A decade ago the chairman of John Lewis of Hungerford presided over a tidy little business that employed 85 people in seven factories and as many shops supplying those made affluent by the 1980s boom with kitchens averaging pounds 25,000 each.
Then recession struck and Mr Lewis, who had drifted into the furniture business in 1972 after working at the Ministry of Agriculture as an adviser, was forced to retrench.
"All of a sudden, the bottom fell out of the market," he says, adding that he was forced to close the showrooms and most of the manufacturing capacity, losing most of his employees along the way. I just contracted and did all sorts of things, including making tabletops for McDonald's."

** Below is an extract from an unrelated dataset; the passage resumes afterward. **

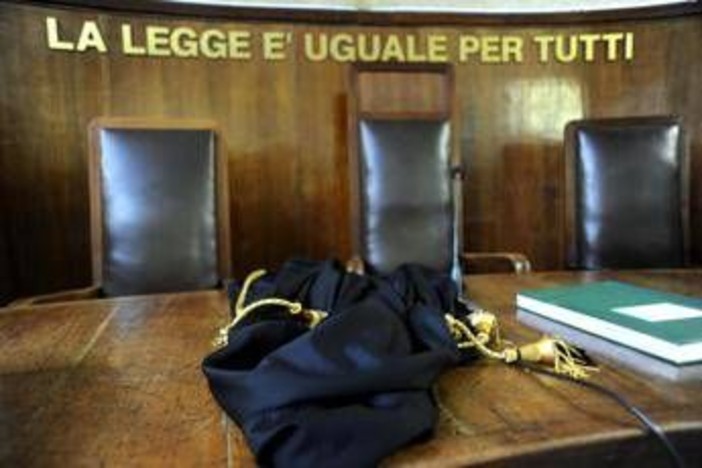 Venezia, perseguita ex professore per bocciatura: braccialetto elettronico a 26enne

But the man who had built his first fitted kitchen for his mother when he was just a child was not about to give up. After analysing the market, he came up with the concept of the Artisan range of kitchens and furniture, which has turned around his fortunes since being launched in 1992.
Whereas previously he was serving customers for whom money seemed to be no object, he decided to blend quality and affordability and come up with something that costs less than people are expecting.

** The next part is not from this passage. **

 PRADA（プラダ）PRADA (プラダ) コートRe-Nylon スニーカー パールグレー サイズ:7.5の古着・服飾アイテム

The average size of his order is - at pounds 5,000 - at the top end of the ranges offered by another kitchen company that claims to be enjoying buoyant sales at the moment. Launched last July, Simply Kitchens is a much younger company. But Ian Matthews, the commercial director, is convinced that its twin focus on affordability and customer service has helped set it apart from other players.

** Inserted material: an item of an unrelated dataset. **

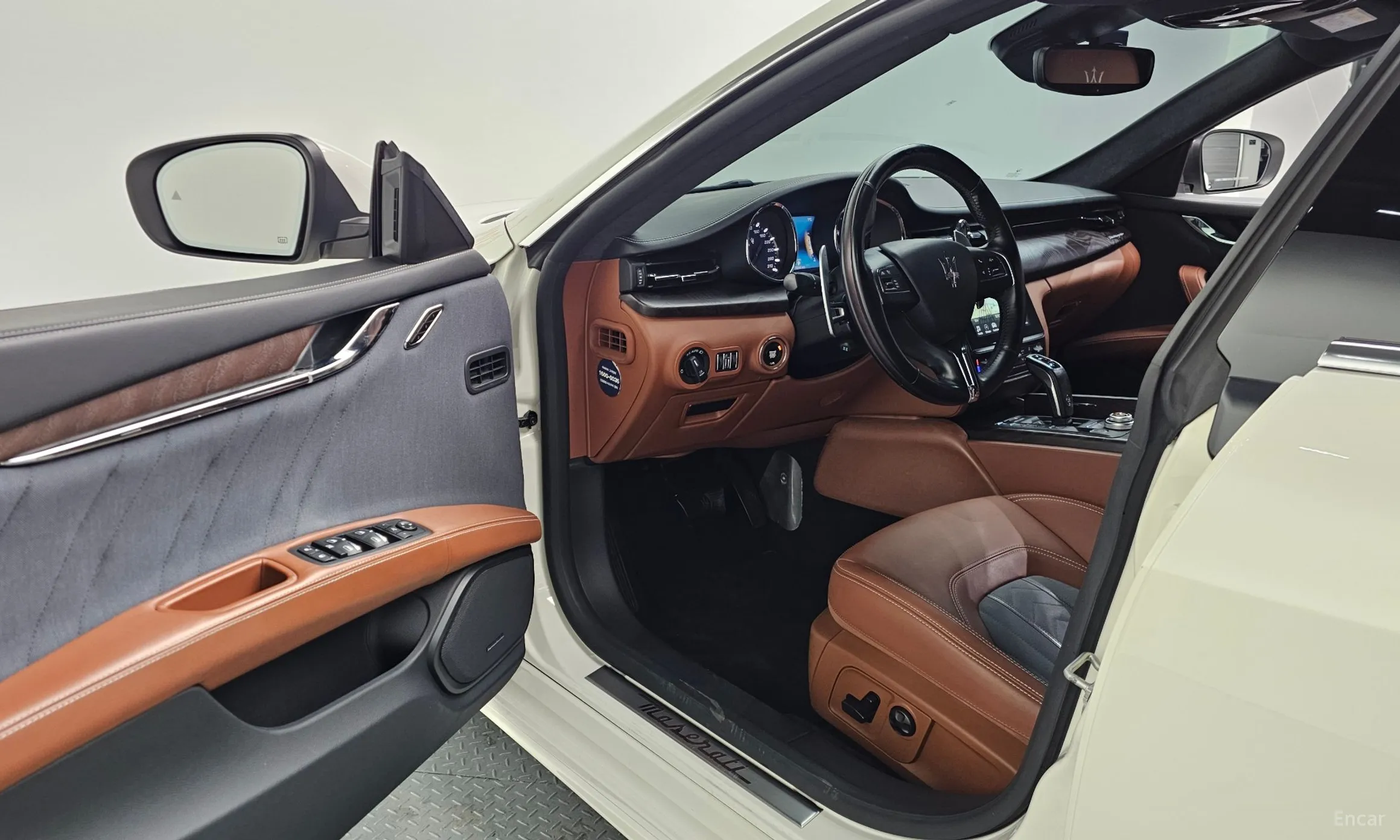 Maserati Quattroporte превью 10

Mr Matthews adds that business has been so good from the concessions the company operates in outlets of Harveys Furnishings that it is looking to increase the number from 30 to 90 by the end of the year.
The approach of Mr Matthews and his colleagues is straightforward. Acknowledging that they are operating in a mature market, they see the only way of gaining significant market share is to do it better than the opposition - and that means paying attention to delivery times, ensuring that packages have all the pieces required and communicating with customers.
Customer service is also central to Mr Lewis's approach. Long proud of the glossy catalogues designed to enable would-be customers to almost feel the quality of the kitchens they are considering, he sends each one out with a packet of deluxe biscuits. When he opened a showroom in Tunbridge Wells, Kent, last month he hired old-fashioned bicycles with large baskets to distribute the biscuits throughout the town to draw in customers.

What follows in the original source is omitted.